From Static Models to Acting Agents
With the introduction of frameworks such as Anthropic’s Model Context Protocol (MCP), LLMs gained the ability to move beyond the chat window. Instead of merely proposing code, an agent could execute it, observe the result, and iterate if it failed. The idea is straightforward but powerful: give the model a tool to test its own output.
If the code does not run, the agent receives feedback and revises it. This loop—propose, execute, evaluate, revise—dramatically improves performance. In practice, this transformed coding assistants from occasionally helpful text generators into tools that can produce working scripts.
The same principle applies beyond coding. Another major advance came with enabling models to search the web. Before tool integration, LLMs were constrained to their training data. Once connected to search and browsing tools via MCPs, they could retrieve up-to-date information.

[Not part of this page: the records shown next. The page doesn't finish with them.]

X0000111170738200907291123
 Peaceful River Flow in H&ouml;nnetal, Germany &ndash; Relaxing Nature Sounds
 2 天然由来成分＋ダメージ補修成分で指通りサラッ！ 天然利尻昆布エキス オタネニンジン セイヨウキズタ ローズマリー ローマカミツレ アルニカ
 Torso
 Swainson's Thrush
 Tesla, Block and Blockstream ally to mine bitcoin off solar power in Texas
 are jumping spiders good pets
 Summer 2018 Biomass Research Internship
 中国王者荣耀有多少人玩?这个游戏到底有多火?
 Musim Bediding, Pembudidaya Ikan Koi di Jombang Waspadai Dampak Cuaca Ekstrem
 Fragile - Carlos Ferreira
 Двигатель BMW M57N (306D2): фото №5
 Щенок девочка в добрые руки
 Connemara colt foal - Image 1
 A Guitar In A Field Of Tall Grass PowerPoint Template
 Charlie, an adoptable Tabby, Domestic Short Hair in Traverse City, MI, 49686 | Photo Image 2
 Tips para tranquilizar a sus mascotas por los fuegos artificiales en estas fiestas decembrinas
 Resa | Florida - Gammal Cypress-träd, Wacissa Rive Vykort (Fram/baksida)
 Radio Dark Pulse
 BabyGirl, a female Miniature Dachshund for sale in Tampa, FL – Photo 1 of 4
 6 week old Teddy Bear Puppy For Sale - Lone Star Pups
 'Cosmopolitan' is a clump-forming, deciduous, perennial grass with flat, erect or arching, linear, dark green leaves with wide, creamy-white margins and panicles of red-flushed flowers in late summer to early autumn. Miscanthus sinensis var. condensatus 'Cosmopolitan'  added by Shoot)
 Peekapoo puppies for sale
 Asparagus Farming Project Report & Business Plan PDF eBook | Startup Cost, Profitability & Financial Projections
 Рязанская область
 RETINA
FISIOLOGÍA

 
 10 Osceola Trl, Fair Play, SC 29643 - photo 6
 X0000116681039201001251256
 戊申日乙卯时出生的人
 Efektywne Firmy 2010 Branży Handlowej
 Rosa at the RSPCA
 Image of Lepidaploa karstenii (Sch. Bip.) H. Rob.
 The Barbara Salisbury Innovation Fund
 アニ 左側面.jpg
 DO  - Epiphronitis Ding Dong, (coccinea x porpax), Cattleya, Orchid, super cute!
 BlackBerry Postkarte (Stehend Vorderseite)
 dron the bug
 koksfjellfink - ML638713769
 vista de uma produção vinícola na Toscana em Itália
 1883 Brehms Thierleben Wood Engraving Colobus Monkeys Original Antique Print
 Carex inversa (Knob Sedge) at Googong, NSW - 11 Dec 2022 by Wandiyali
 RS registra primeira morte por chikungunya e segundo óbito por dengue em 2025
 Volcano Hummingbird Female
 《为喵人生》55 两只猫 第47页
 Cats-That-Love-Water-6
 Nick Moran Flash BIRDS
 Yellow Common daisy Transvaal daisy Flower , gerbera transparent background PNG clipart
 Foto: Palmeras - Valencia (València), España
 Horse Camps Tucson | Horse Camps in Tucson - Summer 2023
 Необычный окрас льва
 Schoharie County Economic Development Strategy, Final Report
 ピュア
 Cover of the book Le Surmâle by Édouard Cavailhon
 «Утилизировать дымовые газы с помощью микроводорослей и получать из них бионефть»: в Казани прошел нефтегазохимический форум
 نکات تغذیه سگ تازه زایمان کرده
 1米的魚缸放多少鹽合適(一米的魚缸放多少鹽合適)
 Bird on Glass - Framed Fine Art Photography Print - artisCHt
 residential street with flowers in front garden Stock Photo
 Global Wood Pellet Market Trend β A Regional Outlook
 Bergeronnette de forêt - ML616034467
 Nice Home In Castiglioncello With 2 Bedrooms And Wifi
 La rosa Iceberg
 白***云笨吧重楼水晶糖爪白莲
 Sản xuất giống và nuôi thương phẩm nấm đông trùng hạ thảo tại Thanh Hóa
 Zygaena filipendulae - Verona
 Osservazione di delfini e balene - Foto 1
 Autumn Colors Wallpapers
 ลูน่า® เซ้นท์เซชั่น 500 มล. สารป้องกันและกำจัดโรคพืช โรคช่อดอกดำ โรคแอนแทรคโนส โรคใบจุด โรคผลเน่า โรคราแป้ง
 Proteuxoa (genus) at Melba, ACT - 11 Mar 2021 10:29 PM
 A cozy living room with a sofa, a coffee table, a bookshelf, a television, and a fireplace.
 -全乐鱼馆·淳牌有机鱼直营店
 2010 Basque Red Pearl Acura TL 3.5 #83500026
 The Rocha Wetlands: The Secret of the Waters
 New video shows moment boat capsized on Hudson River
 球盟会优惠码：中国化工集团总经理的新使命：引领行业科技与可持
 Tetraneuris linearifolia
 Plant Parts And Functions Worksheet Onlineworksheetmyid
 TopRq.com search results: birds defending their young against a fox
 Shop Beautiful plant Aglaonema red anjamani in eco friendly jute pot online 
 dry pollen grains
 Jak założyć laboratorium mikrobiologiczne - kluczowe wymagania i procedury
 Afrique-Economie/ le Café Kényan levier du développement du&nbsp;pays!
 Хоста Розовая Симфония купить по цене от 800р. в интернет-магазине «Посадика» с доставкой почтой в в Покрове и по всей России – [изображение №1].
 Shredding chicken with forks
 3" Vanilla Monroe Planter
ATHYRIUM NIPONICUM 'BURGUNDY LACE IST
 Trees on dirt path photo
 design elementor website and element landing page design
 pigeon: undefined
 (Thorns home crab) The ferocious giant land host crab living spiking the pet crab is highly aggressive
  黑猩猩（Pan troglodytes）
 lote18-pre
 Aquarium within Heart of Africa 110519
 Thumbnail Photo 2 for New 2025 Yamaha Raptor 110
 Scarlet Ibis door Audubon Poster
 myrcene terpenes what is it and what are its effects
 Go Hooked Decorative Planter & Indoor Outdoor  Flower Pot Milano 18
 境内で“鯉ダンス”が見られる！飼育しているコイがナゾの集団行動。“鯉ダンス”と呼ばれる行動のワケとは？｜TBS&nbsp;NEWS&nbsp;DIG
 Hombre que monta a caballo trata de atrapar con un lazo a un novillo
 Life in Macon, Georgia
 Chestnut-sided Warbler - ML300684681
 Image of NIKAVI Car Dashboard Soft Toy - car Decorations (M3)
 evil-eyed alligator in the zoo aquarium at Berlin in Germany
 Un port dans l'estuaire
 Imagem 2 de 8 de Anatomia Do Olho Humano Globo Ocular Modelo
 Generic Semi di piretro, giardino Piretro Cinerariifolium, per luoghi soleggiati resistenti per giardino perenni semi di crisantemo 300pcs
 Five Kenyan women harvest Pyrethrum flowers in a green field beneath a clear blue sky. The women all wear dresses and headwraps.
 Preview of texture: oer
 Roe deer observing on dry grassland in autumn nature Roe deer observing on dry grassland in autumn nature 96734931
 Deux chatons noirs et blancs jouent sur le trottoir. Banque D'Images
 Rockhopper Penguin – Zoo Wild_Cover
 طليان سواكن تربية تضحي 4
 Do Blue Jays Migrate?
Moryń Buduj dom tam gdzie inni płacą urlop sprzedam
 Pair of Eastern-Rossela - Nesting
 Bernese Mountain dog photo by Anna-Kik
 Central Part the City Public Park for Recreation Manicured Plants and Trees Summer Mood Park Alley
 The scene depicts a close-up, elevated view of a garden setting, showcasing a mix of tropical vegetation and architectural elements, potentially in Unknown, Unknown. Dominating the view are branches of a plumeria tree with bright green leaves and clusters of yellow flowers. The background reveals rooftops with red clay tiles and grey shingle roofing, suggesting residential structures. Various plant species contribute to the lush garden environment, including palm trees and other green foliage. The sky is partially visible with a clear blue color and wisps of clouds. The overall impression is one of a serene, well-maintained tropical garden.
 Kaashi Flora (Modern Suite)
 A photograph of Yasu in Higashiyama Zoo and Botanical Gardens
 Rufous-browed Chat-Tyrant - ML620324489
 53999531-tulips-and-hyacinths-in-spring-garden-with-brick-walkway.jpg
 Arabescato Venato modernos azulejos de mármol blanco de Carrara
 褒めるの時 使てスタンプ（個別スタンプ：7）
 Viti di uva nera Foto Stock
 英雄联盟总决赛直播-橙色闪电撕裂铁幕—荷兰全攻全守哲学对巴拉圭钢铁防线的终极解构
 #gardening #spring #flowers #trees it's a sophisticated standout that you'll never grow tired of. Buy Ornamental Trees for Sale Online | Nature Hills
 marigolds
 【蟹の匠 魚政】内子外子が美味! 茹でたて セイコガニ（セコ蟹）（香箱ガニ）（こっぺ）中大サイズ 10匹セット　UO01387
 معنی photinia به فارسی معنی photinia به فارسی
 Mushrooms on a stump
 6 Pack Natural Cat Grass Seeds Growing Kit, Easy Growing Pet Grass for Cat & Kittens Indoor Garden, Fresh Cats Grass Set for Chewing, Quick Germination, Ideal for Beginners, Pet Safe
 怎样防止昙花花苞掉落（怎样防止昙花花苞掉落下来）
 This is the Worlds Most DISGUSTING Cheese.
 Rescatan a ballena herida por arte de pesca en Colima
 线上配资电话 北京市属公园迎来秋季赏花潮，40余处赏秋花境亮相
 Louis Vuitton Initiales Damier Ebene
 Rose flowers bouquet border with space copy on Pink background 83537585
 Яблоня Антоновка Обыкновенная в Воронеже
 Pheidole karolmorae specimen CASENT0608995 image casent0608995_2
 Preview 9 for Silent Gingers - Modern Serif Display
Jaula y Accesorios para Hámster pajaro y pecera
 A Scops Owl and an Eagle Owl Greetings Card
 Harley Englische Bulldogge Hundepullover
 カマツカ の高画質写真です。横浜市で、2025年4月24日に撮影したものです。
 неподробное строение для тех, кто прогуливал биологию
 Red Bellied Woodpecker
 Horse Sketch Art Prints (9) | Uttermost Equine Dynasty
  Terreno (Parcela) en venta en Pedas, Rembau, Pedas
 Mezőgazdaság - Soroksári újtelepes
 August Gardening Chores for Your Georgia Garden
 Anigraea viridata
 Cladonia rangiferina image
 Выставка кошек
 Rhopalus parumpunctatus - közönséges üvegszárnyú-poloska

From a research perspective, this was transformative. When asking about recent papers, models can now return actual manuscripts rather than fabricated citations. That said, a caveat remains: while the paper itself may be real, summaries or interpretations can still be inaccurate. Tool access reduces hallucination but does not eliminate the need for verification.
Interacting with the World
The evolution of agentic AI has continued with systems that can interact directly with local environments. Open-source projects such as OpenClaw extended the MCP idea further by allowing agents to run locally rather than exclusively in the cloud. Through mechanisms like defined “agent skills” (e.g., skills.md), these systems provide structured ways for models to interact with email, calendars, files, and other computer resources.
This shift—from passive text generation to active system interaction—marks a qualitative change. AI systems are no longer confined to answering questions; they can now perform tasks, coordinate workflows, and integrate with personal and professional environments.
In summary, today’s AI landscape is shaped by two intertwined developments: Large Language Models that generate remarkably fluent and flexible outputs, and agentic frameworks that allow those models to act, test, retrieve, and iterate. Understanding both is essential. LLMs explain why AI can speak. Agentic systems explain why AI can now do.
Together, they define the current frontier of artificial intelligence.